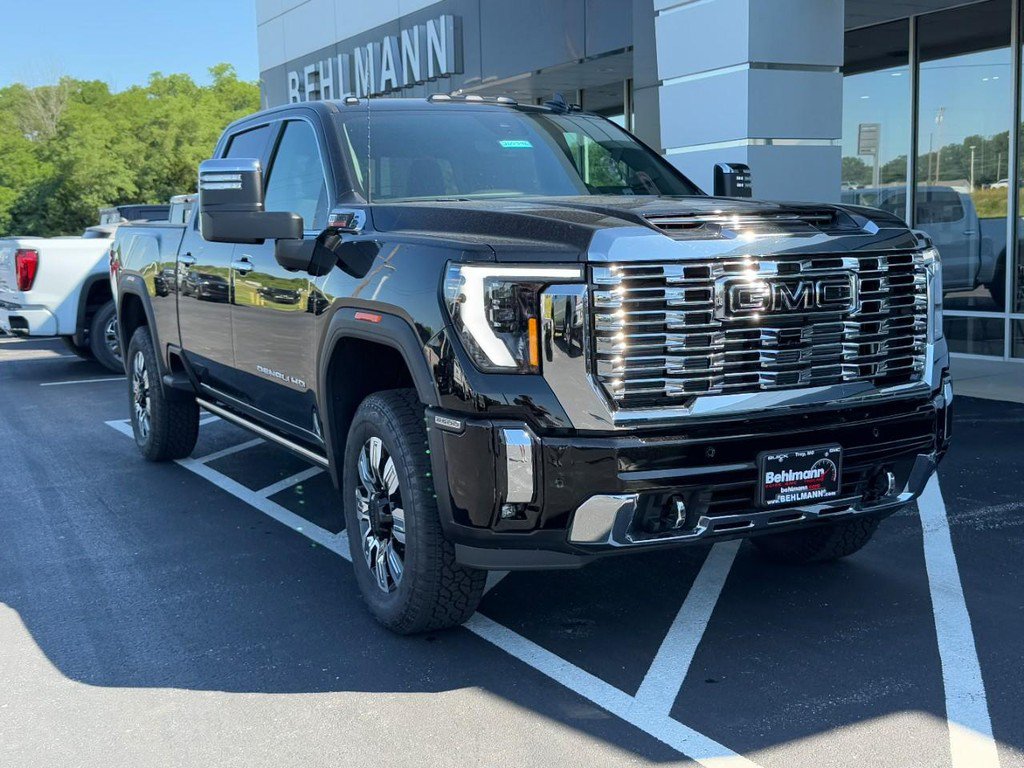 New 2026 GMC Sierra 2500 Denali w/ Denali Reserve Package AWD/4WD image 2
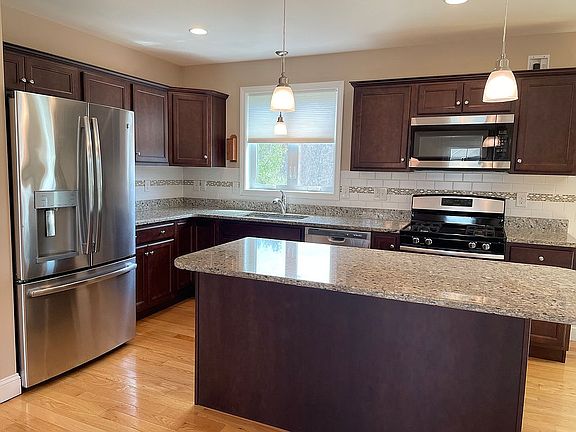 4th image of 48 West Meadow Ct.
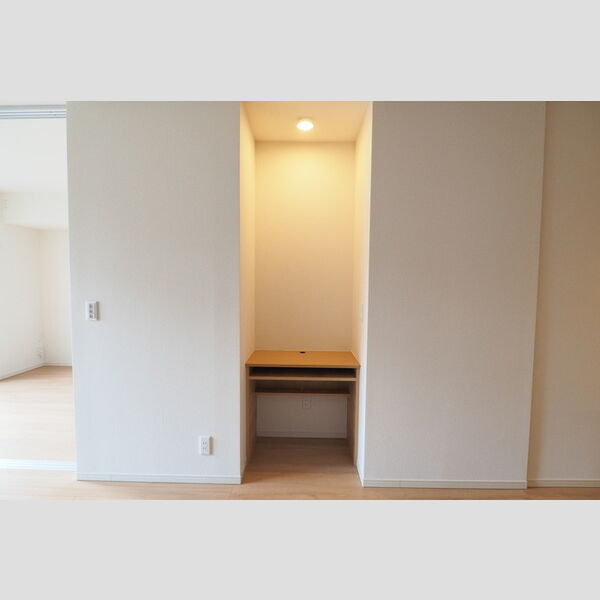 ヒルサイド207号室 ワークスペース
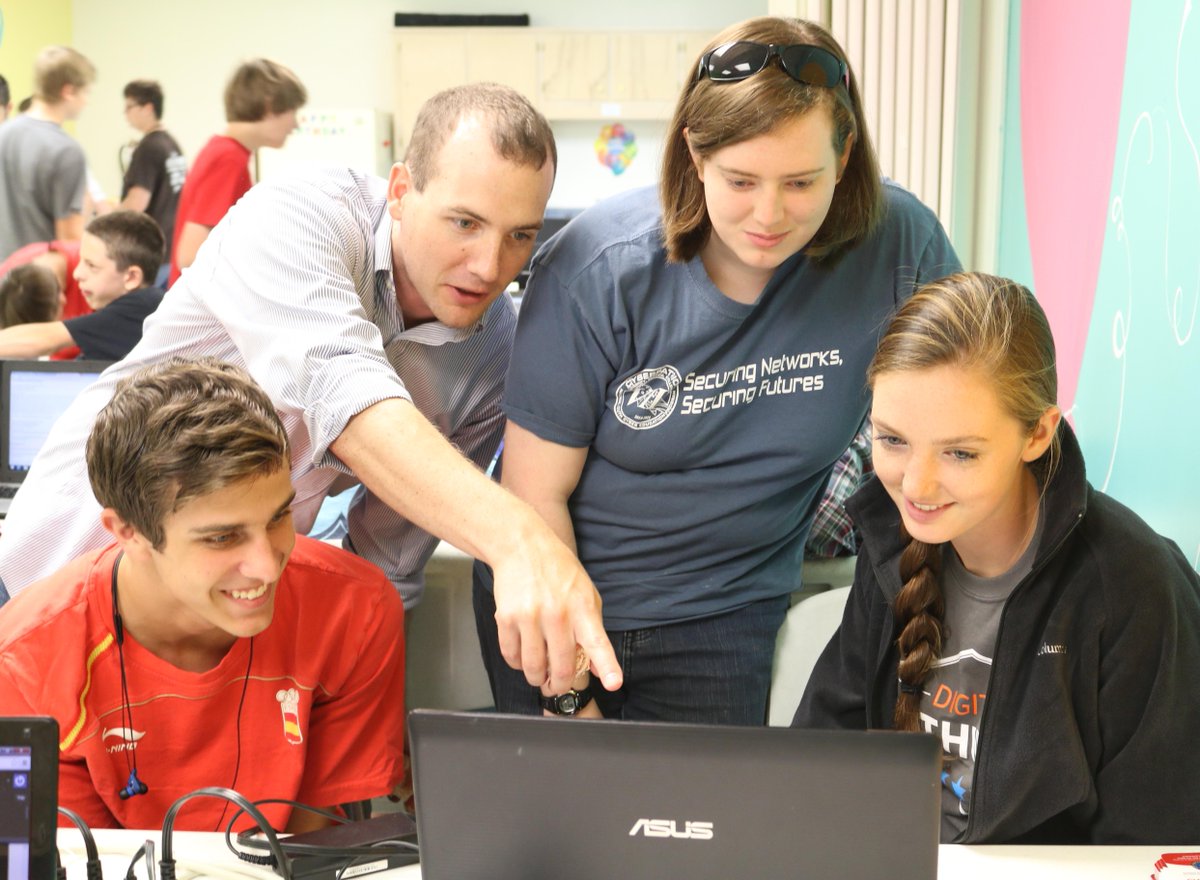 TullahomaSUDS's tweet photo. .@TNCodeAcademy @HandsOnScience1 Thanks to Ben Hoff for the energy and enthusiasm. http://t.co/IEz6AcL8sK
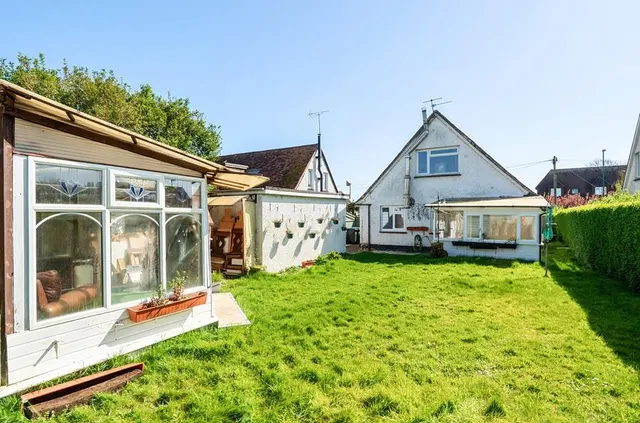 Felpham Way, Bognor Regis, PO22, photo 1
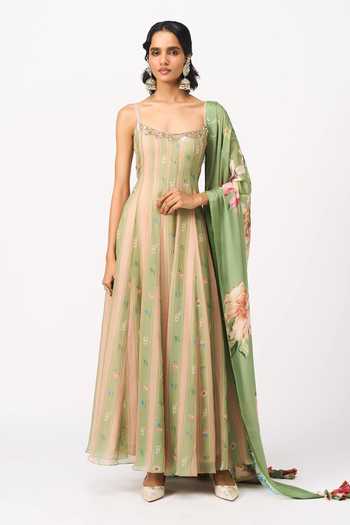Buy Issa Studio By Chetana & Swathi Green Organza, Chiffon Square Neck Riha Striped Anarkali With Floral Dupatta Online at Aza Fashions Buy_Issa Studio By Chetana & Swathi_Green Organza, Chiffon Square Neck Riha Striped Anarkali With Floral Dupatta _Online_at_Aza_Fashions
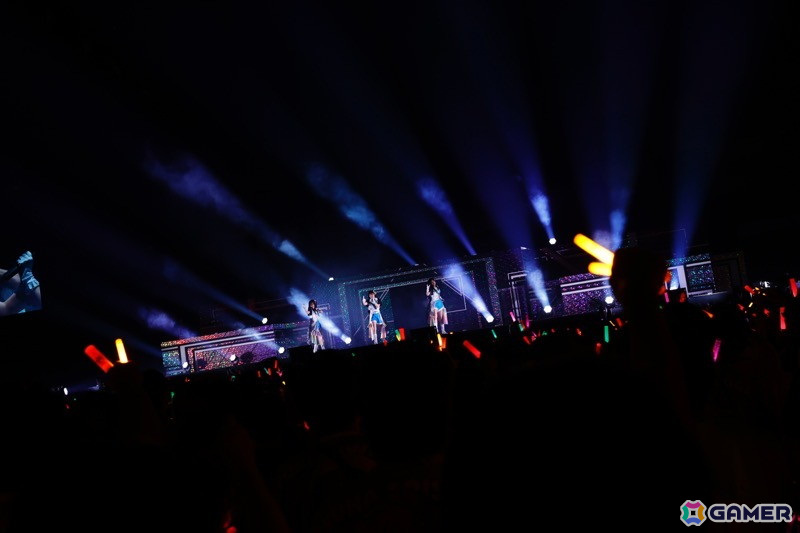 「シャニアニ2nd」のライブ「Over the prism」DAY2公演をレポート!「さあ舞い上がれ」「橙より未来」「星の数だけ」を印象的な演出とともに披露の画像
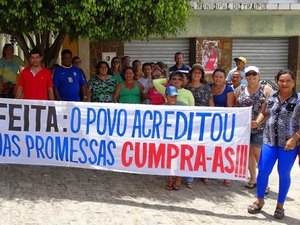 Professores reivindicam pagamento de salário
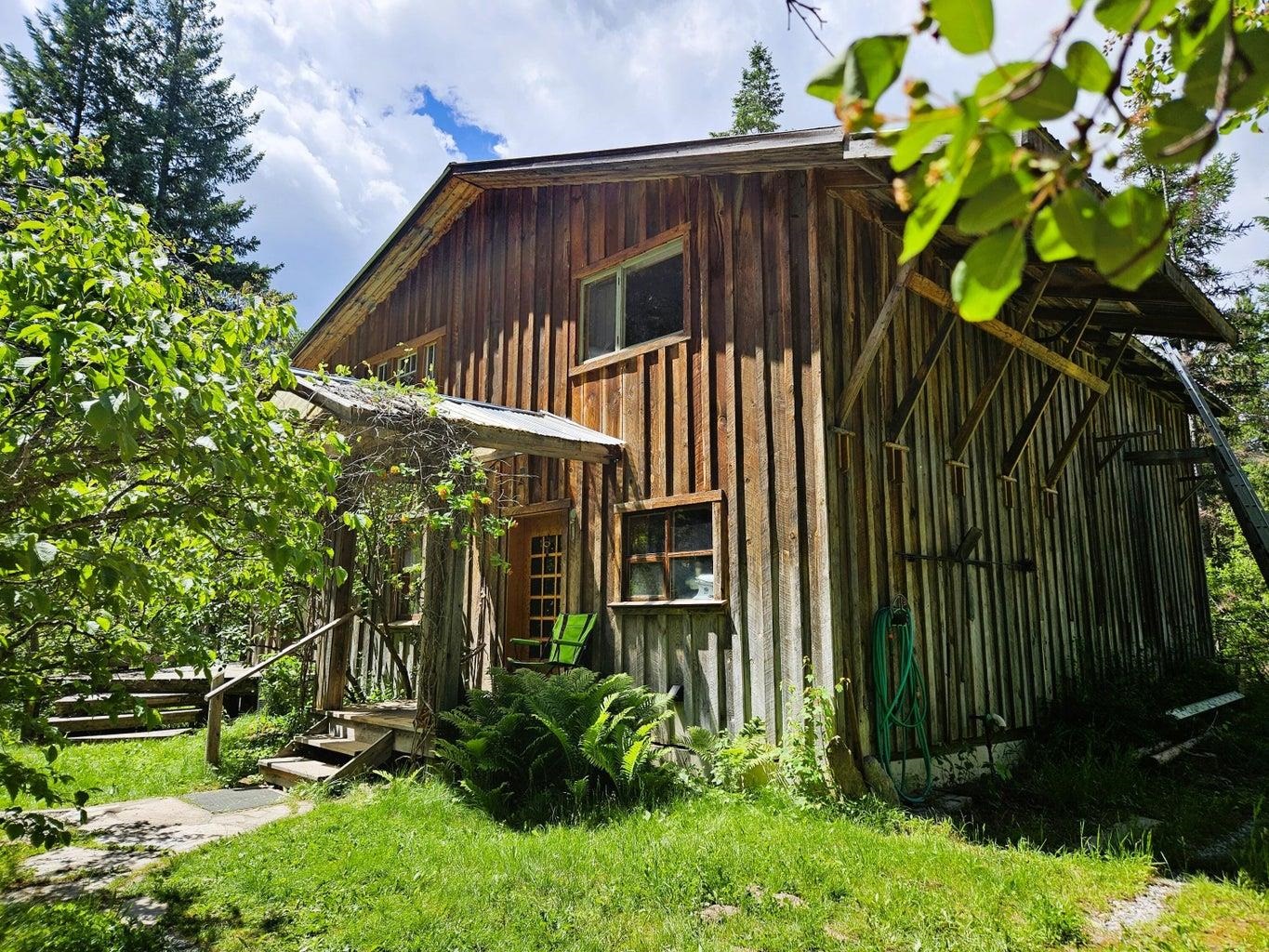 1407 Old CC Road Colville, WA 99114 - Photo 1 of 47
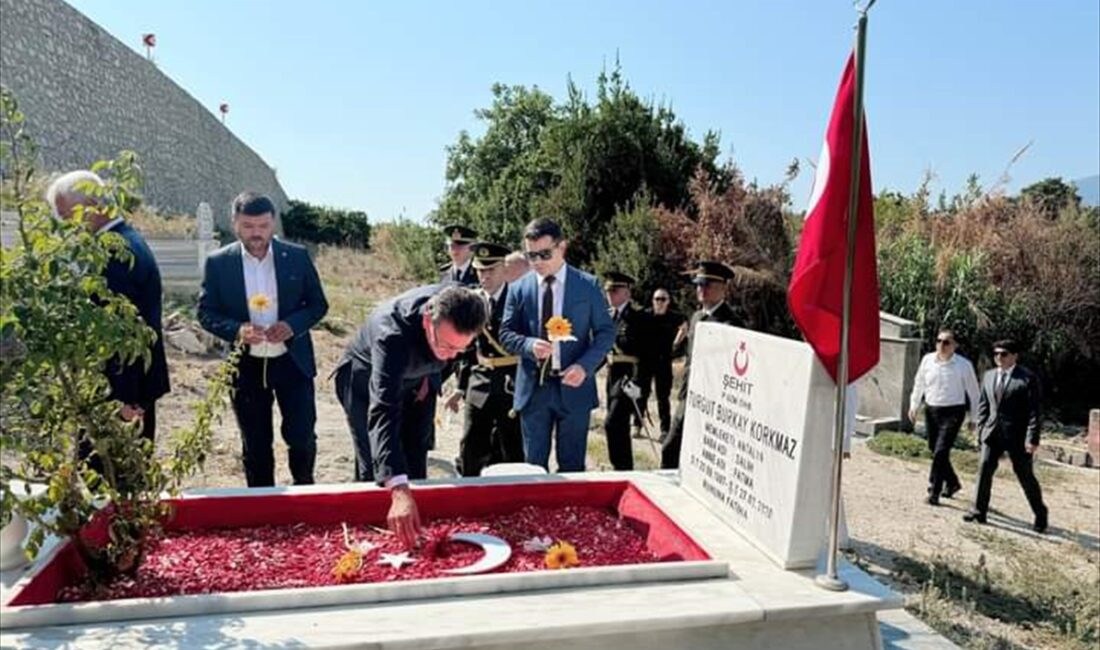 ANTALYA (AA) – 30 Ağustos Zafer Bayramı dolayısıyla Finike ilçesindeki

About this task —
Every entry above is to be transcribed exactly, with all pictures left out.

Worked solution —
 New 2026 GMC Sierra 2500 Denali w/ Denali Reserve Package AWD/4WD image 2
 4th image of 48 West Meadow Ct.
 ヒルサイド207号室 ワークスペース
 TullahomaSUDS's tweet photo. .@TNCodeAcademy @HandsOnScience1 Thanks to Ben Hoff for the energy and enthusiasm. http://t.co/IEz6AcL8sK
 Felpham Way, Bognor Regis, PO22, photo 1
Buy Issa Studio By Chetana & Swathi Green Organza, Chiffon Square Neck Riha Striped Anarkali With Floral Dupatta Online at Aza Fashions Buy_Issa Studio By Chetana & Swathi_Green Organza, Chiffon Square Neck Riha Striped Anarkali With Floral Dupatta _Online_at_Aza_Fashions
 「シャニアニ2nd」のライブ「Over the prism」DAY2公演をレポート!「さあ舞い上がれ」「橙より未来」「星の数だけ」を印象的な演出とともに披露の画像
 Professores reivindicam pagamento de salário
 1407 Old CC Road Colville, WA 99114 - Photo 1 of 47
 ANTALYA (AA) – 30 Ağustos Zafer Bayramı dolayısıyla Finike ilçesindeki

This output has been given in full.